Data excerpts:
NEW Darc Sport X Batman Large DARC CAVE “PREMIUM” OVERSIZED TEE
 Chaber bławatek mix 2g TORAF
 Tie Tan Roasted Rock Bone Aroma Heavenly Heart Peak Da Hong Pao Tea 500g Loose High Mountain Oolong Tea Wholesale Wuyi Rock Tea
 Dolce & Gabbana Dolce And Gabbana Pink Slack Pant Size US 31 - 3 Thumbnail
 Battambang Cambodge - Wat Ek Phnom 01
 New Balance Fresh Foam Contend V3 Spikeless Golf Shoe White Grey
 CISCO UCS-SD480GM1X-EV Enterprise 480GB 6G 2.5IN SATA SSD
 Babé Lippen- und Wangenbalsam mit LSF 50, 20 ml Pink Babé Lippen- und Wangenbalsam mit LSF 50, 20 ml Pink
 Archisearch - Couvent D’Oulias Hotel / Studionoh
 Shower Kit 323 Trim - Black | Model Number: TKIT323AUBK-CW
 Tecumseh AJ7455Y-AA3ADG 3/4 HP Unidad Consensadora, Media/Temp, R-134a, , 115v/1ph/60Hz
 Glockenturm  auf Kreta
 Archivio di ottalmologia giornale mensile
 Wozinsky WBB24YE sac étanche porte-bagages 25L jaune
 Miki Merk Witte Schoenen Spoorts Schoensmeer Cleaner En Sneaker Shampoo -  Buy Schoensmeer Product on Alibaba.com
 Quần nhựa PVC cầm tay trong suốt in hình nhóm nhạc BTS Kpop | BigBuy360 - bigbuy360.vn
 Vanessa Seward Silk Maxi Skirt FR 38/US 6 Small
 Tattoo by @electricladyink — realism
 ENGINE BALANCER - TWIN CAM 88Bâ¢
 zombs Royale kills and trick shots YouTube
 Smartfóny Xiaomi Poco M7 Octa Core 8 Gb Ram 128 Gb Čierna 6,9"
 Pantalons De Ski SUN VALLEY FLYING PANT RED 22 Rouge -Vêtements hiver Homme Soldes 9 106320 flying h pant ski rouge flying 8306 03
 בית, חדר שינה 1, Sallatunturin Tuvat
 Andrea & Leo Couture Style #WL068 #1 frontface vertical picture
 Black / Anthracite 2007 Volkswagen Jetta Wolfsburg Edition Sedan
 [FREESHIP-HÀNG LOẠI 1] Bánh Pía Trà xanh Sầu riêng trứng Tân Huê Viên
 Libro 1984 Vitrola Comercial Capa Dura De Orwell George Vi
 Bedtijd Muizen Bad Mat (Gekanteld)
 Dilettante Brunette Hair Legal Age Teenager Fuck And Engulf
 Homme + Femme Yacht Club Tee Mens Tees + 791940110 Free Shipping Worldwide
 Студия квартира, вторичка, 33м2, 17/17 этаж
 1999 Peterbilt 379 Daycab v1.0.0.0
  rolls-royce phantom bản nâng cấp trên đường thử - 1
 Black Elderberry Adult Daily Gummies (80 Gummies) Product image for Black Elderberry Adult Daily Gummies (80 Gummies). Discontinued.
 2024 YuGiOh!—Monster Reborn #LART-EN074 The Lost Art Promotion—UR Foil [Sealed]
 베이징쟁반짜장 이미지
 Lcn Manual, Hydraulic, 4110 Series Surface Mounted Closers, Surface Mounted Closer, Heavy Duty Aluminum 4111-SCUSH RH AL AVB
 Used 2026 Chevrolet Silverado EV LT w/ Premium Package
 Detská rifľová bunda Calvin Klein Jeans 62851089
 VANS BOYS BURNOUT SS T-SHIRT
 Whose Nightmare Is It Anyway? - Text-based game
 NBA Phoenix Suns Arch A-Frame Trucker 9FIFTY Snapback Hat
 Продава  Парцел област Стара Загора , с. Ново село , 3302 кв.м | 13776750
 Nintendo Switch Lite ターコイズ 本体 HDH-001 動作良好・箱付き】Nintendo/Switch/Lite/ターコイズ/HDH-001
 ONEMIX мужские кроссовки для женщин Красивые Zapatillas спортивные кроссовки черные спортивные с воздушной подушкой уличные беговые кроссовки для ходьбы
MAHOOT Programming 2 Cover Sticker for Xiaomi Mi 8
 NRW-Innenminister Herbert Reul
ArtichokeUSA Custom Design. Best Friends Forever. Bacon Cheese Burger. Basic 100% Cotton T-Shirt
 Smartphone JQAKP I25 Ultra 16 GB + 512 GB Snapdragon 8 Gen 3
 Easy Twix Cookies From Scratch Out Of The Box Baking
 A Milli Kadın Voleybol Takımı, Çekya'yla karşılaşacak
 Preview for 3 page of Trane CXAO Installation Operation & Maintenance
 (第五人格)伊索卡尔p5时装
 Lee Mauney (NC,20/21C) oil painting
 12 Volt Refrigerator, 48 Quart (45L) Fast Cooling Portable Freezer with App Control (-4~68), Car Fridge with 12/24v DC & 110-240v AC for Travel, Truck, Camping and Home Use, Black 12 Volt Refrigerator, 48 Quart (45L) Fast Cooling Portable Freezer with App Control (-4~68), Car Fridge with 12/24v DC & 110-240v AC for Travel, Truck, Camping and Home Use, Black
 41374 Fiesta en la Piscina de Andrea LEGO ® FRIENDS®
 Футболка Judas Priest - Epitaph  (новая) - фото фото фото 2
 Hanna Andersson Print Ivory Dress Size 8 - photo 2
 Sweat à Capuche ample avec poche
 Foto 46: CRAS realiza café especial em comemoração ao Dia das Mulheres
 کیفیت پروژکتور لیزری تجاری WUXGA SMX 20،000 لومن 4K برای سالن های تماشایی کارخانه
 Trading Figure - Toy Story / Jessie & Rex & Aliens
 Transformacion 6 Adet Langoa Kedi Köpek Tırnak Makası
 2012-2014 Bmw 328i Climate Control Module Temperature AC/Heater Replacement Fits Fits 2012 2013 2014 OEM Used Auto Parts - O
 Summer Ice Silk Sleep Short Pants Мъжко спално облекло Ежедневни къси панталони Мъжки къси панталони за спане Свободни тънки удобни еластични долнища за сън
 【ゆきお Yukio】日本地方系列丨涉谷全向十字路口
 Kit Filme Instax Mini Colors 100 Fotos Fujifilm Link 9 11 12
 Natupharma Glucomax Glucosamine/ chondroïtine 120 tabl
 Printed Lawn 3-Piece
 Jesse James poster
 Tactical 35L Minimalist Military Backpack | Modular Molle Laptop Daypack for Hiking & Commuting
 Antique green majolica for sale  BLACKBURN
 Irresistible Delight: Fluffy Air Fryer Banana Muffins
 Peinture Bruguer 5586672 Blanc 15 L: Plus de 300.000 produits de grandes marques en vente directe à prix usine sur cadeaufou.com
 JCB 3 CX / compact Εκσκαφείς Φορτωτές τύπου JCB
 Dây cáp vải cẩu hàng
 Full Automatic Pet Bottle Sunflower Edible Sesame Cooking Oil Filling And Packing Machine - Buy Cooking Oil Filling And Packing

Task prompt: Which lines run from the one containing "Peinture Bruguer 5586672" to the end of the entries above? Print them exactly, both ends included, and nothing else.

Exercise solution:
 Peinture Bruguer 5586672 Blanc 15 L: Plus de 300.000 produits de grandes marques en vente directe à prix usine sur cadeaufou.com
 JCB 3 CX / compact Εκσκαφείς Φορτωτές τύπου JCB
 Dây cáp vải cẩu hàng
 Full Automatic Pet Bottle Sunflower Edible Sesame Cooking Oil Filling And Packing Machine - Buy Cooking Oil Filling And Packing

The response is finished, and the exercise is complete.